Ma Jilei, Cai Xin, Kang Li, Chen Songfeng, Liu Hongjian
Department of Clinical Laboratory, The First Affiliated Hospital of Zhengzhou University, Zhengzhou, Henan, 450052, China.
Department of Biotechnology and Food Engineering, Anyang Institute of Technology, Anyang, Henan 455000, PR China.
J Cancer. 2021 Jan 1;12(5):1307-1317. doi: 10.7150/jca.49702. eCollection 2021.
Melanoma is a pernicious skin cancer with high aggressiveness. This study aimed to identify potential novel biomarkers associated with the prognosis and pathogenesis of cutaneous melanoma and to explore new targeted drugs for melanoma. Two Gene Expression Omnibus (GEO) microarray datasets, GSE3189 and GSE7553 were combined to analyze the differentially expressed genes (DEGs). To better understand the DEGs in the melanoma pathogenesis, we performed gene enrichment analyses and established a protein-protein interaction network (PPI). The survival analyses for key genes were conducted based on the GEPIA platform. Finally, we mined the CMap database to explore potential small-molecule drugs to target the obtained DEGs. In short, we identified 500 DEGs between cutaneous melanoma samples and normal samples. The PPI network was established with 349 nodes and 1251 edges. Signaling pathway analysis showed that these genes play a vital role in ECM-receptor interactions, the PPAR signaling pathway and pathways in cancer. Eight DEGs with a relatively high degree of connectivity (CDC45, CENPF, DTL, FANCI, GINS2, HJURP, TPX2 and TRIP13) were selected as hub-genes that remarkably correlated to a poor survival rate. Based on 500 DEGs, 20 small-molecule drugs that potentially target genes with abnormal expression in cutaneous melanoma were obtained from the CMap database. Among these compounds, we found that menadione has the greatest therapeutic value for melanoma. : In conclusion, we identified the 8 candidate biomarkers and potential key signaling pathways in cutaneous melanoma through comprehensive microarray analyses. The identified candidate drugs have provided several directive significances for the synthesis medicine for melanoma.

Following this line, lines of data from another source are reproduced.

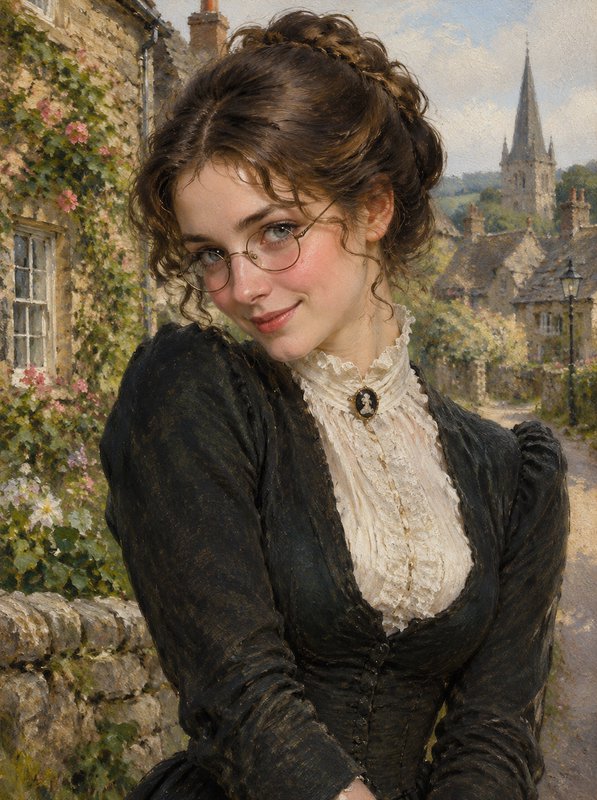 Young Victorian woman with wire-rimmed glasses smiles standing in a sunlit English village lane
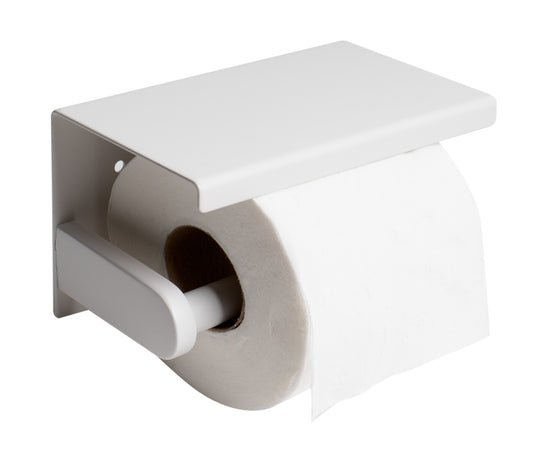 ALFI brand - White Matte Stainless Steel Toilet Paper Holder with Shelf - ABTPC66-W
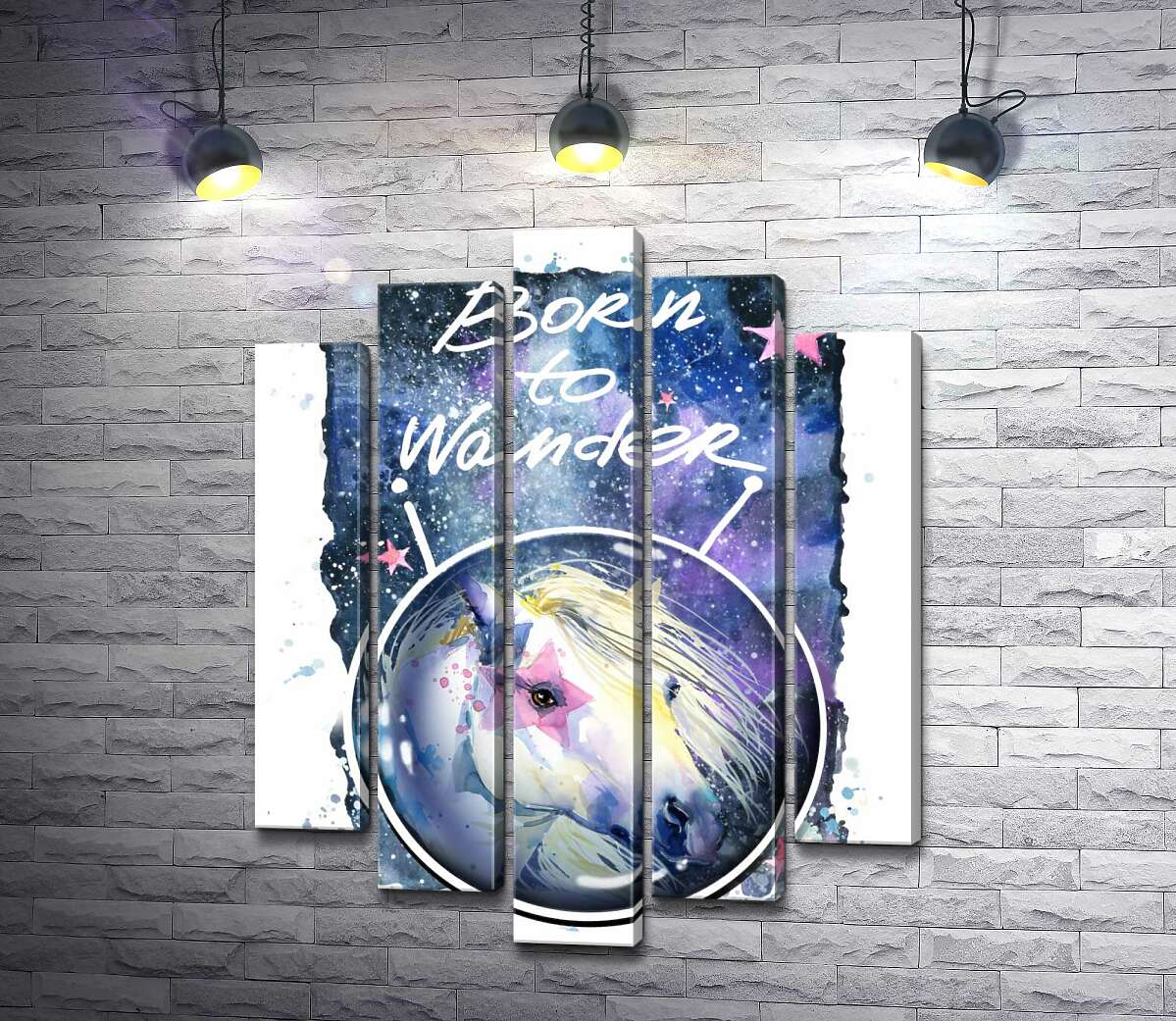 

Модульная картина ArtPoster Белая лошадь с розовой звездой на глазу под надписью "born to wander" 100x130 см Модуль №26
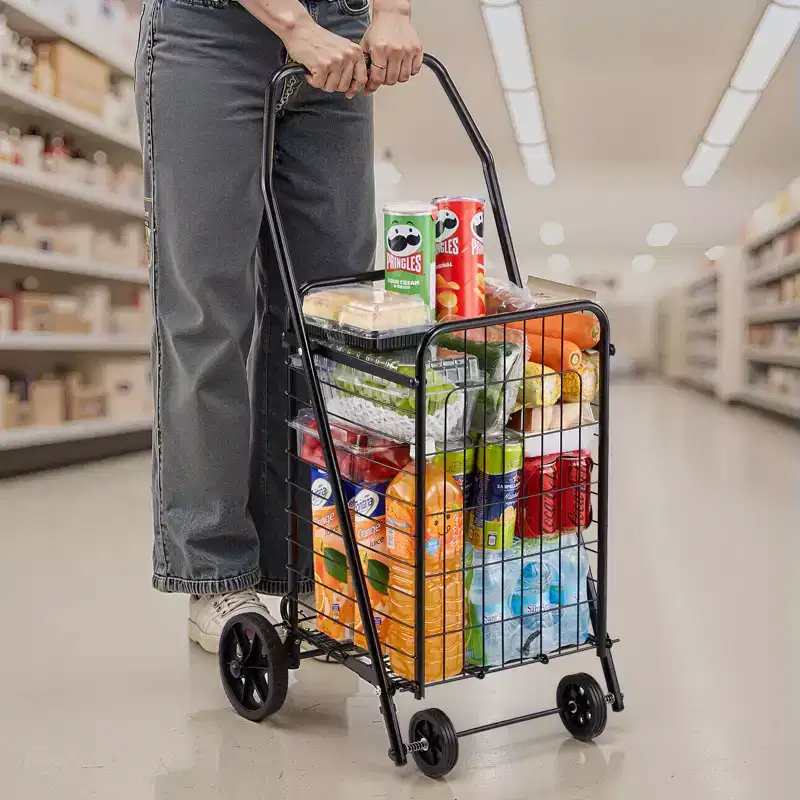 VEVOR Shopping Cart, Folding Grocery Utility Cart with Swivel Wheels, 90 LBS Large Load Capacity, Heavy Duty Rolling Laundry Basket Butler, Black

黑色素瘤是一种具有高侵袭性的恶性皮肤癌。本研究旨在识别与皮肤黑色素瘤的预后和发病机制相关的潜在新型生物标志物,并探索黑色素瘤的新靶向药物。将两个基因表达综合数据库(GEO)微阵列数据集GSE3189和GSE7553合并,以分析差异表达基因(DEG)。为了更好地理解黑色素瘤发病机制中的DEG,我们进行了基因富集分析并建立了蛋白质-蛋白质相互作用网络(PPI)。基于GEPIA平台对关键基因进行生存分析。最后,我们挖掘了CMap数据库,以探索靶向所获得DEG的潜在小分子药物。简而言之,我们在皮肤黑色素瘤样本和正常样本之间识别出500个DEG。建立了具有349个节点和1251条边的PPI网络。信号通路分析表明,这些基因在细胞外基质-受体相互作用、过氧化物酶体增殖物激活受体(PPAR)信号通路和癌症相关通路中起着至关重要的作用。选择8个具有相对较高连接度的DEG(细胞分裂周期蛋白45(CDC45)、着丝粒蛋白F(CENPF)、DNA复制许可因子(DTL)、范可尼贫血互补组I(FANCI)、GINS复合体亚基2(GINS2)、组蛋白结合蛋白HJURP(HJURP)、微管蛋白聚合促进蛋白2(TPX2)和有丝分裂后期促进复合物亚基13(TRIP13))作为与低生存率显著相关的枢纽基因。基于500个DEG,从CMap数据库中获得了20种可能靶向皮肤黑色素瘤中异常表达基因的小分子药物。在这些化合物中,我们发现甲萘醌对黑色素瘤具有最大的治疗价值。总之,我们通过全面的微阵列分析,识别出皮肤黑色素瘤中的8个候选生物标志物和潜在的关键信号通路。所识别出的候选药物为黑色素瘤的合成药物提供了若干指导意义。